I'm not sure how I found the link to Scott Williams's paper on processing film with coffee, but I knew straight away I had to try it. As a dedicated coffee drinker, I knew it was my duty.

This image is the unretouched result. With better handling, I could have scratched it and blotched it less, but to have an image at all is pretty startling.

I bought the cheapest film I could find (Agfa APX-400; about C$2.25 for 20 exposures), and a really cheap AP-brand tank, for I didn't want the coffee to stain my existing tanks. (The AP tank's really easy to load, and I almost prefer it to my Paterson Universal tanks).

The most important ingredient came next — the coffee itself. I chose a really cheap espresso grind (Montini, about C$2.50 for 250g). It's actually not a bad drinking coffee, but not once you prepare it as a developer.

Taking the Pictures

I shot a test roll at EI 100 with my Bessa-R/35mm f/1.7 combo. I bracketed -2/-1/0/+1/+2 stops so I could cover an EI range of 25-400. As it turns out, I got the best results at about EI 200. Further experimentation is needed.

Brewing the Developer

I put 4 rounded tablespoons of coffee into a cafetière (french press, or Bodum) and added approximately 800ml of boiling water. I let it steep for 9 minutes, and then pushed the filter down.

I decanted 400ml of the coffee into another container and added 4 rounded teaspoons of bicarbonate of soda.

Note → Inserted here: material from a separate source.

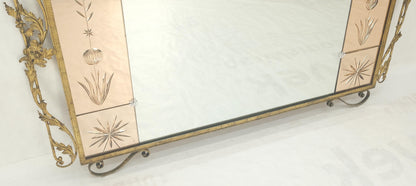 EstablishedLines Large Standing 9' Tall Forged Gold Gilt Metal Leafs & Flowers Mirror CLEAN!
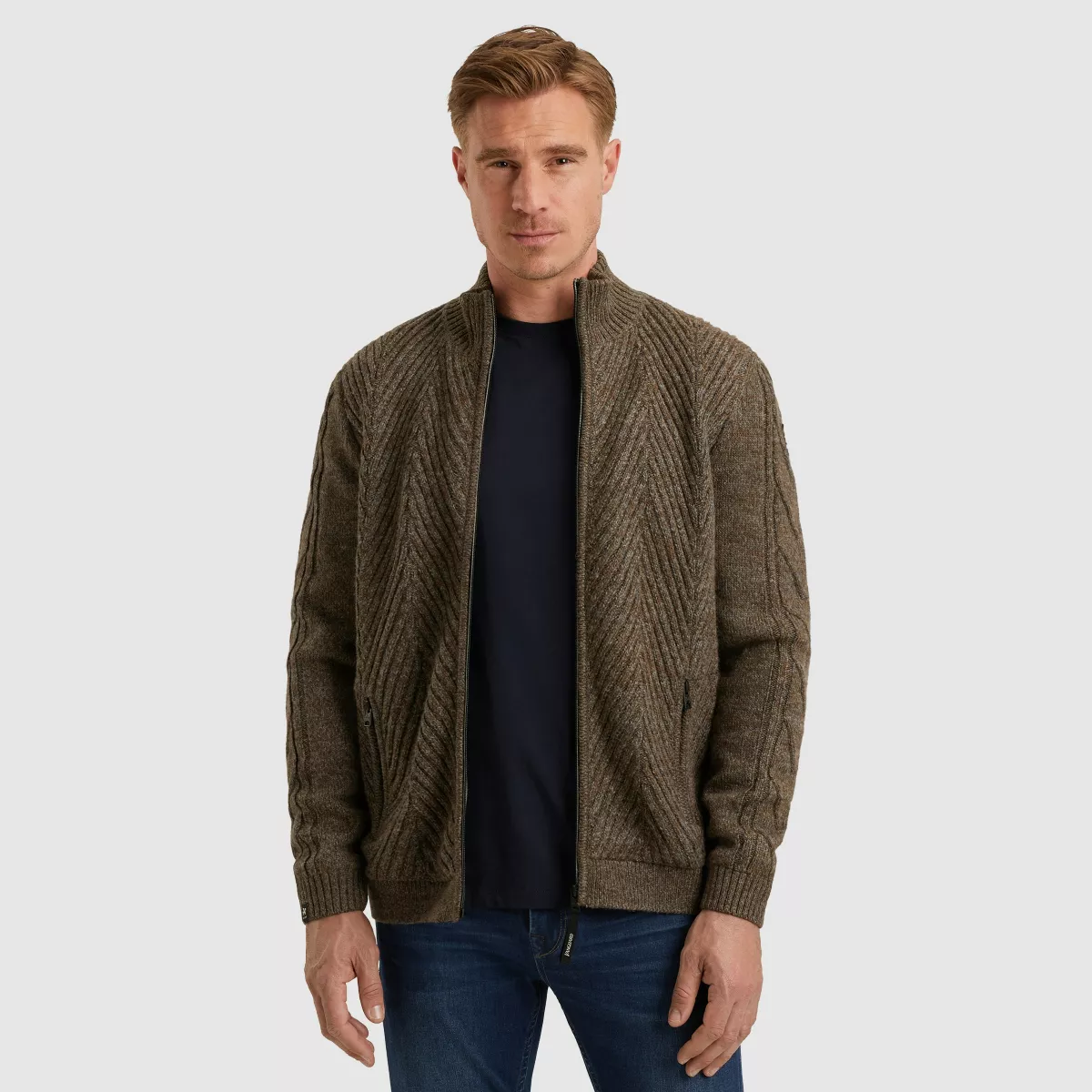 Vanguard-Zip jacket wool blend-VKC2509382-8078 Dark earth-BRUIN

This amount was a guess, but I knew I had to kill the acidity of the coffee.

Other Chemistry

I could have used plain water as a stop bath, but I ended up using extremely dilute Ilford Indicator Stop bath so I could tell that the yellow solution was the stop, and not the fixer. I used this stop bath one-shot, as I don't want fine coffee solids on my other negatives.

The fixer was Agfa Agefix at the recommended dilution and time. Again this was used and discarded, as coffee grounds don't make sharp negatives.

Development

I let the tank and all the solutions warm up to 34°C in a water bath, then I poured the coffee into the tank. I agitated the tank about once a minute for 25′30″. When I poured the developer out, its temperature was 31°C.

comparison of regular neg with coffee.

Once stopped, fixed and washed, the negatives are very thin, with strong staining of the base material (not to mention a good reek of stale coffee). To show you how faint the negatives are, a picture from my lightbox is shown here. The upper image is a regular negative (PanF+/Ilfotec DD-X), the lower one a cafétype. Despite the staining, these seem to scan quite well. Their limited dynamic range is well within that of my flatbed scanner.

coffee negative strip.

The above strip shows that there is a noticeable effect at each stop of under and over exposure.

Future Directions

I'll keep refining the formula and development process. I'd really like to find a more 'household' replacement for the fixer, but I guess there aren't many household products that contain ammonium or sodium thiosulphate.

Links


Updates

20 Feb 02003 Trying a room-temperature solution was not successful, even after extending development to an hour. Images are there, but extremely faint. This could also be due to me using half the amount of baking soda as before …

2 Mar 02003 Trying really hot coffee for a shorter period (5 minutes) didn't work. It seemed to put the base fog way up, with almost invisible images in the almost cooked-off emulsion. I think that Scott Williams's technique might be about as good as it's going to get.
(One thing I learned: don't dump a load of bicarbonate solution into a hot pot of coffee unless you like cleaning up the resulting brown geyser. This has been a public sanity announcement.)

5 Apr 02017 A reader advised that, after 14 years, the Williams article has moved fractionally. URL updated!